_About this exercise_
Only the lines below from the one containing "Lilya Home 3Lü" through the one containing "1 pc 45*45*18mm" belong in the answer, repeated exactly and without pictures.

_Information supplied_
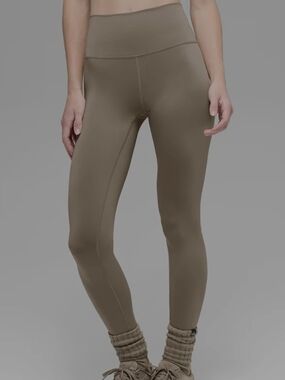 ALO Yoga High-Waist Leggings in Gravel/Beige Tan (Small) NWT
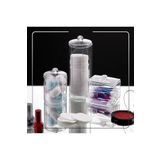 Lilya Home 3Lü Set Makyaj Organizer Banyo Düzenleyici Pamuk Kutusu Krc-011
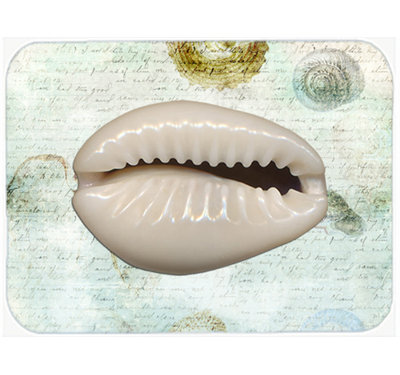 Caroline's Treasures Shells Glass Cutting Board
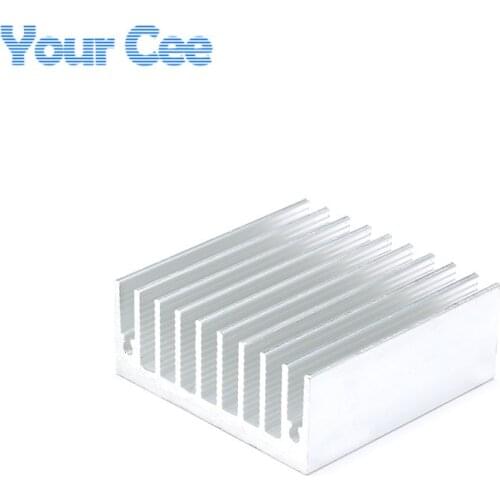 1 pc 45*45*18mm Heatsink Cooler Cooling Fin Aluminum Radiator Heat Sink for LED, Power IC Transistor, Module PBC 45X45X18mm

...

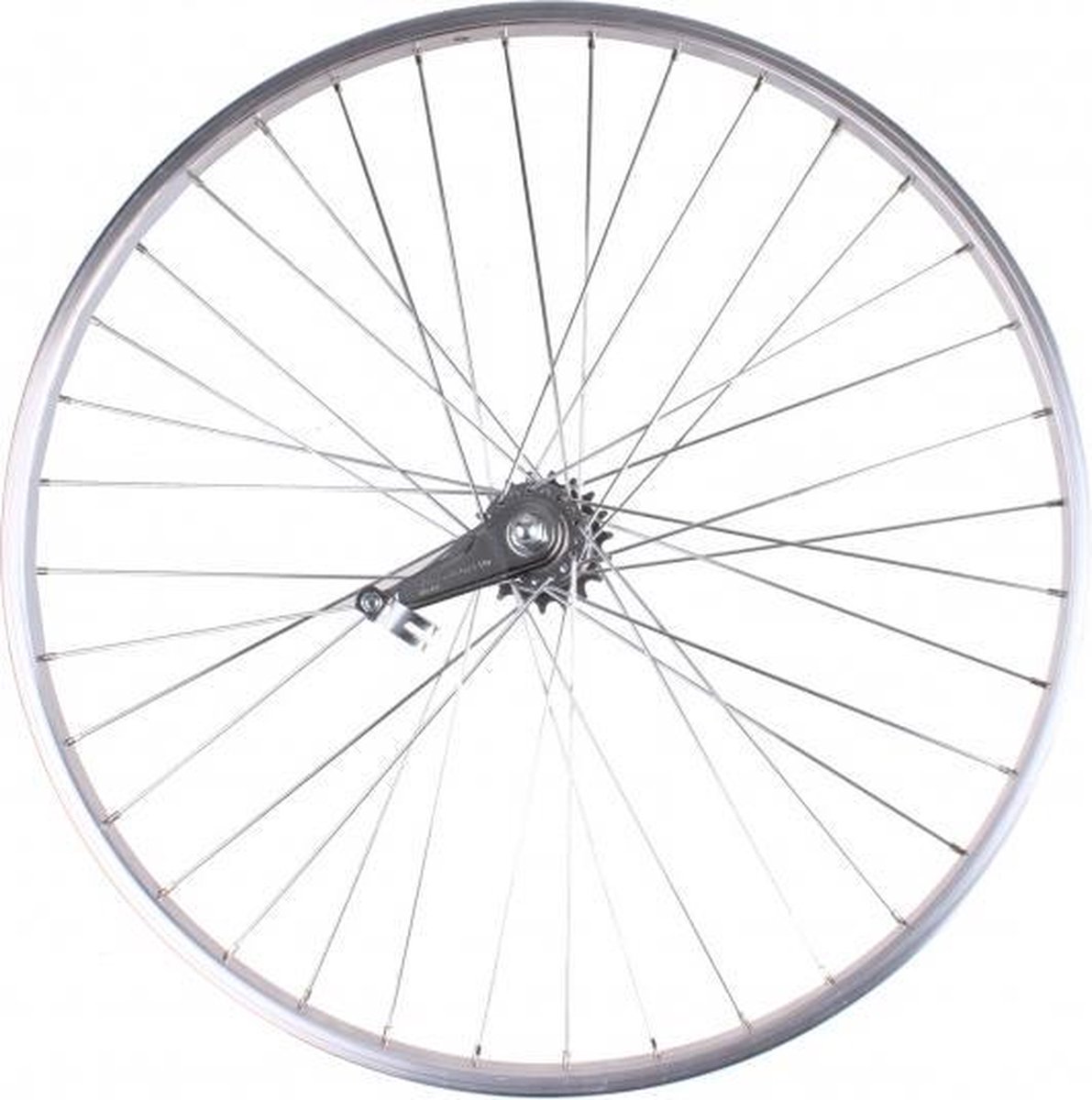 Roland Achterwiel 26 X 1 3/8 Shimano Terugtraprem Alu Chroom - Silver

---

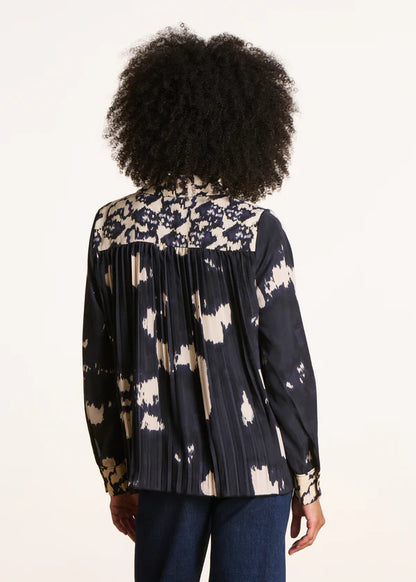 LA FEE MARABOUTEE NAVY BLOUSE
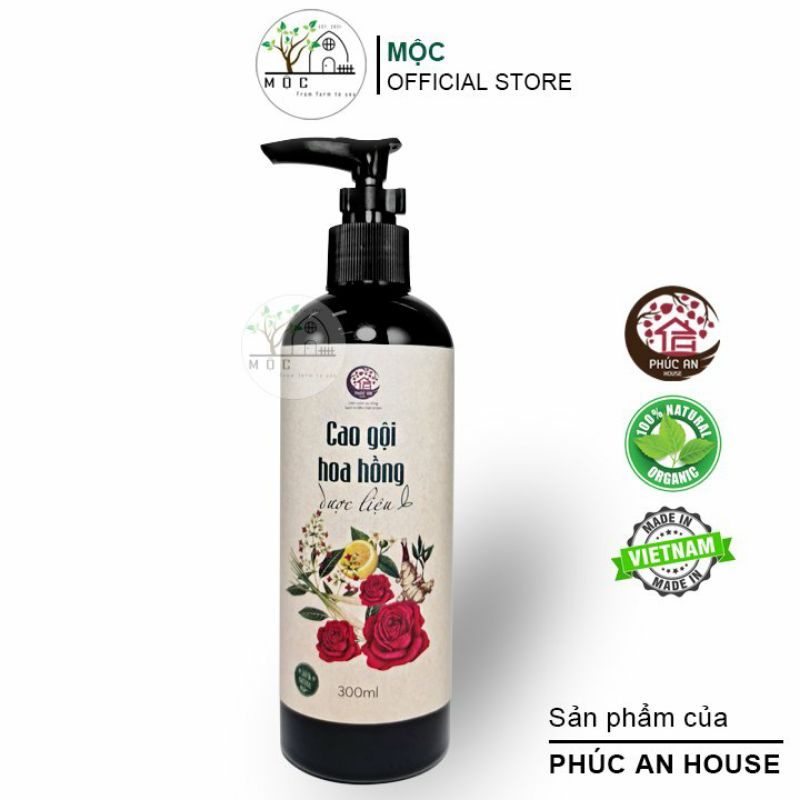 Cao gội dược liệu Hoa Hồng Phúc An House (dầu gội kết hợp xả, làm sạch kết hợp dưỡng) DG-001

_Exercise response_
 Lilya Home 3Lü Set Makyaj Organizer Banyo Düzenleyici Pamuk Kutusu Krc-011
 Caroline's Treasures Shells Glass Cutting Board
 1 pc 45*45*18mm Heatsink Cooler Cooling Fin Aluminum Radiator Heat Sink for LED, Power IC Transistor, Module PBC 45X45X18mm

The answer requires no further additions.